Elle a un cycle trigénétique* (3 générations se succèdent dans son cycle de vie) se déroulant sur une année.

  • La génération gamétophytique* présente en septembre des organes de reproduction sexués mâles, les spermaties* (gamètes mâles immobiles ou non flagellés) et des organes de reproduction femelles, carpogone* prolongé du trichogyne* contenant l’oosphère*.
  • La génération carposporophytique* ou cystocarpes*, apparaissant en masses saillantes de 1 ou 2 mm de diamètre le long des marges, se développe sur le thalle femelle après fécondation du gamète femelle par le gamète mâle. Cette génération libère des carpospores, s’observant de septembre à décembre. Après libération de carpospores il se développe un nouveau thalle.
  • La génération tétrasporophytique* présente d'octobre à avril des organes de reproduction asexuée ou tétrasporocystes* formant des taches dispersées sur le thalle. Ils vont produire des spores, les tétraspores qui, une fois libérées, se développent en de nouveaux gamétophytes.

Vie associée

Cette algue est souvent colonisée par des bryozoaires comme Electra pilosa.

Divers biologie

Cette algue est comestible mais non référencée comme algue alimentaire en France.

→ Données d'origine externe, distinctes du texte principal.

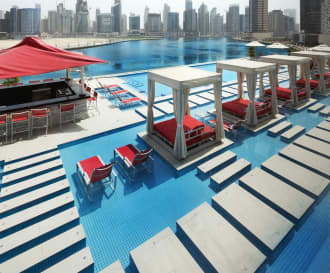 Canal Central Hotel
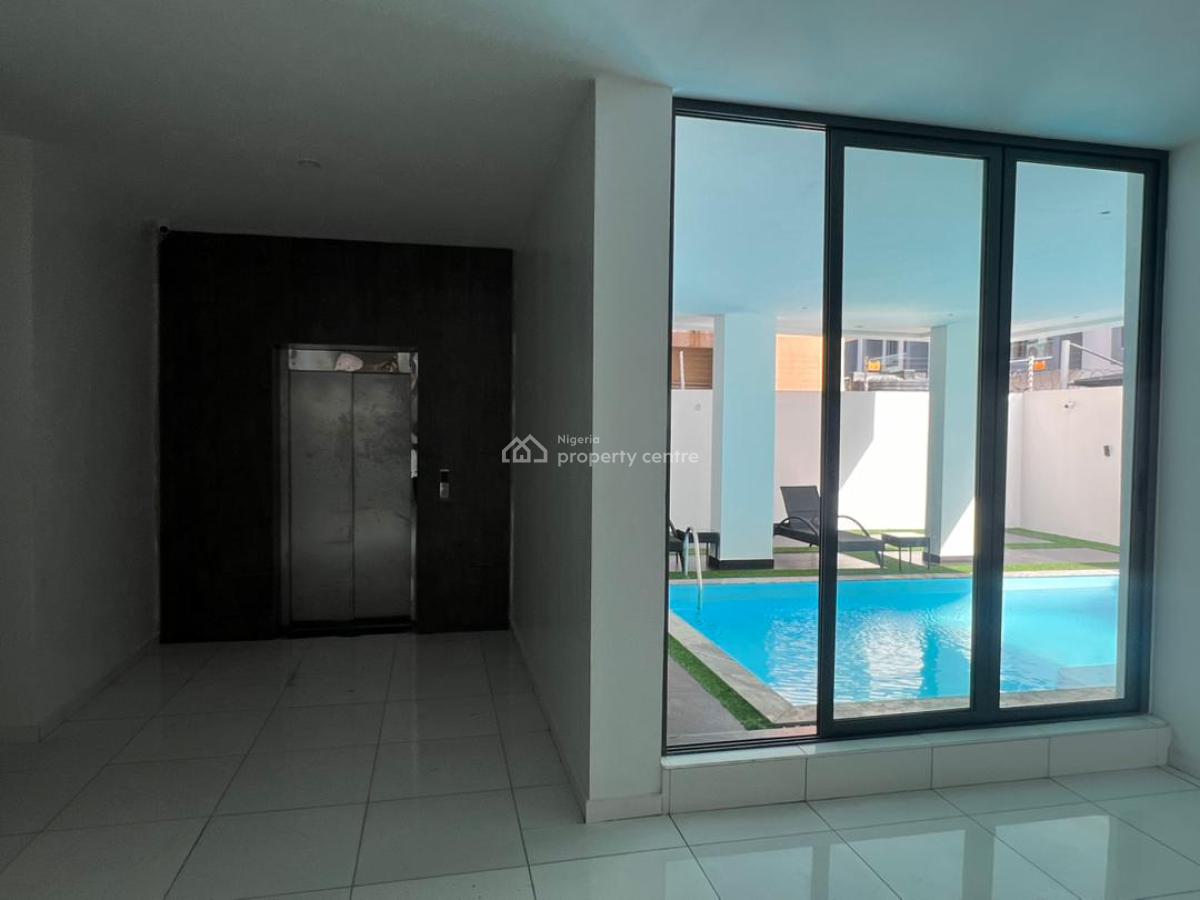 2 Bedrooms Apartment Gym, Swimming Pool, Lekki Phase 1, Lekki, Lagos, Flat / Apartment for Sale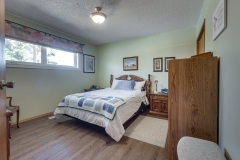 020-4323_56AveInnisfail-020_m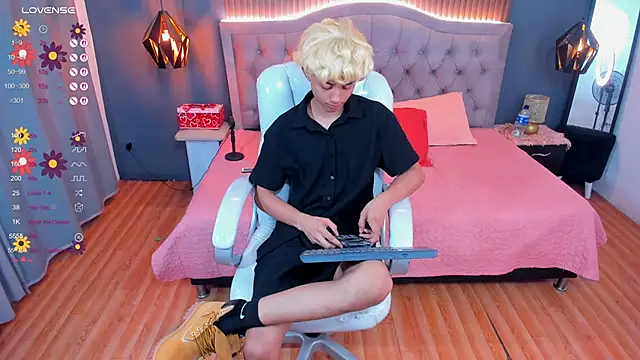 Snapshot of Noa_03 chatting on 03-06-26, 12:56 Noa 03 online show from 03-06-26, 12:56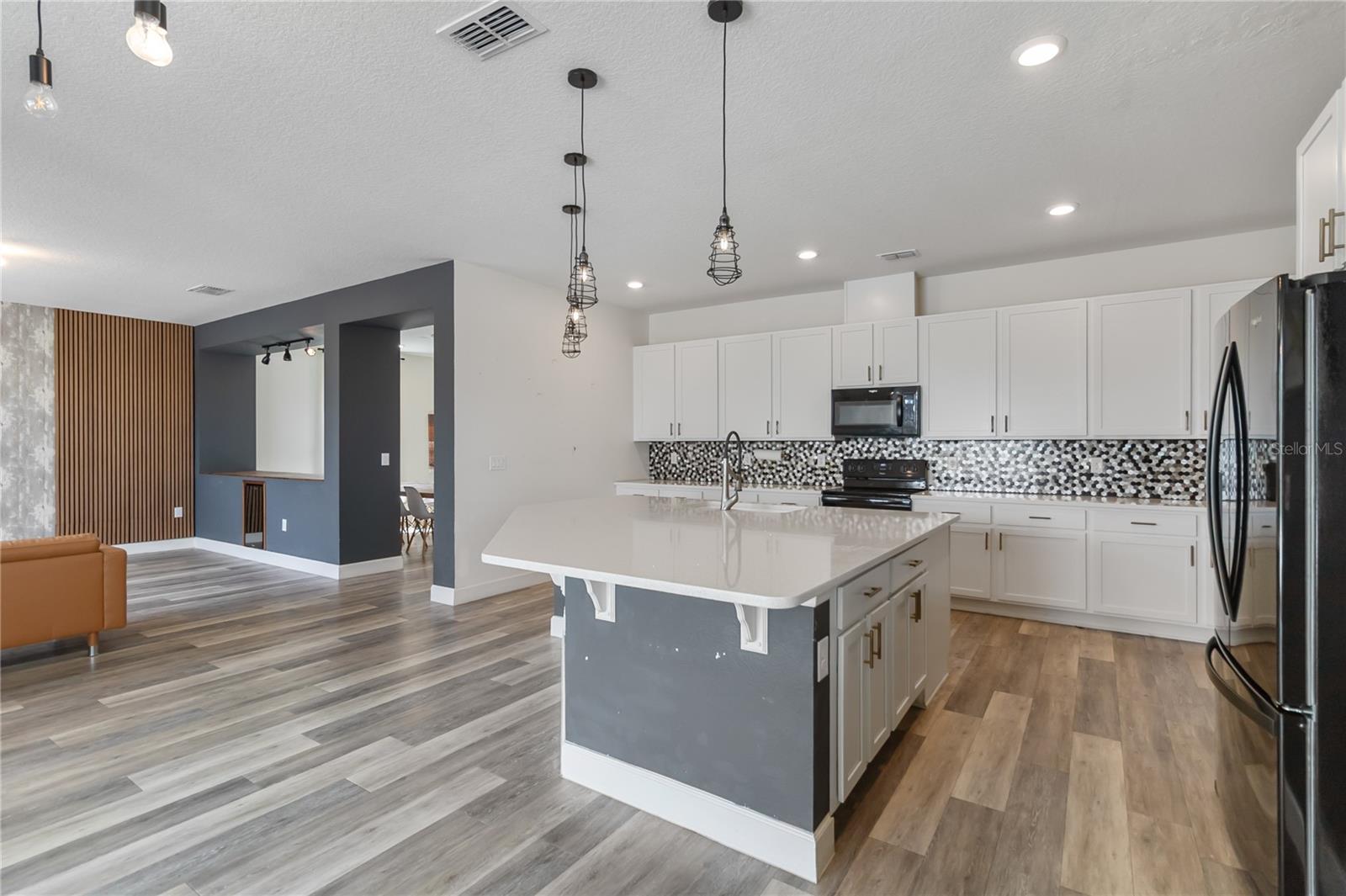 ORCHARD PK/STILLWATER XING PH - Residential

En Irlande et en Ecosse, elle forme, après ébulition, une gélatine ayant l'apparence de la gelée.

Origine des noms

Origine du nom français

Algue ciliée : en rapport avec les proliférations marginales et excroissances superficielles qui recouvrent les lames et qui ressemblent à des cils.

Origine du nom scientifique

Calliblepharis : du grec [kallistos] = le plus beau et [blépharon] = paupière, relatif à la paupière (cils).
ciliata : du latin [cilium] = cils.
Le nom scientifique fait référence aux fines proliférations marginales qui bordent les lames.

Classification

Termes scientifiques Termes en français Descriptif
Embranchement Rhodobionta / Rhodophyta Rhodobiontes Algues rouges, pour la plupart marines.
Sous-embranchement Eurhodophytina
Classe Florideophyceae Floridéophycées

Thalle élaboré formé de fins filaments branchés ou en lames.

Ordre Gigartinales Gigartinales Intérieur du thalle presque toujours filamenteux, uni ou pluriaxial, souvent avec des incrustations calcaires. Organes fructificateurs en coussinets sur le thalle.
Famille Cystocloniaceae Cystocloniacées Thalle généralement érigé, soit cylindrique, linéaire ou segmenté, à ramification irrégulière ou sub-verticillée, soit aplati à foliacé à ramification marginale; structure uniaxiale; en coupe: filament axial visible ou non, cortex* pseudoparenchymateux, medulla* filamenteuse ou pseudo-parenchymateuse; vu à plat : cortex de cellules généralement disposées en rosettes (cercles de petites cellules autour de plus grandes); cycle isomorphe; cellules auxiliaires issues de cellules végétatives ordinaires; carposporanges en chaînes; tétrasporanges dispersés dans le cortex.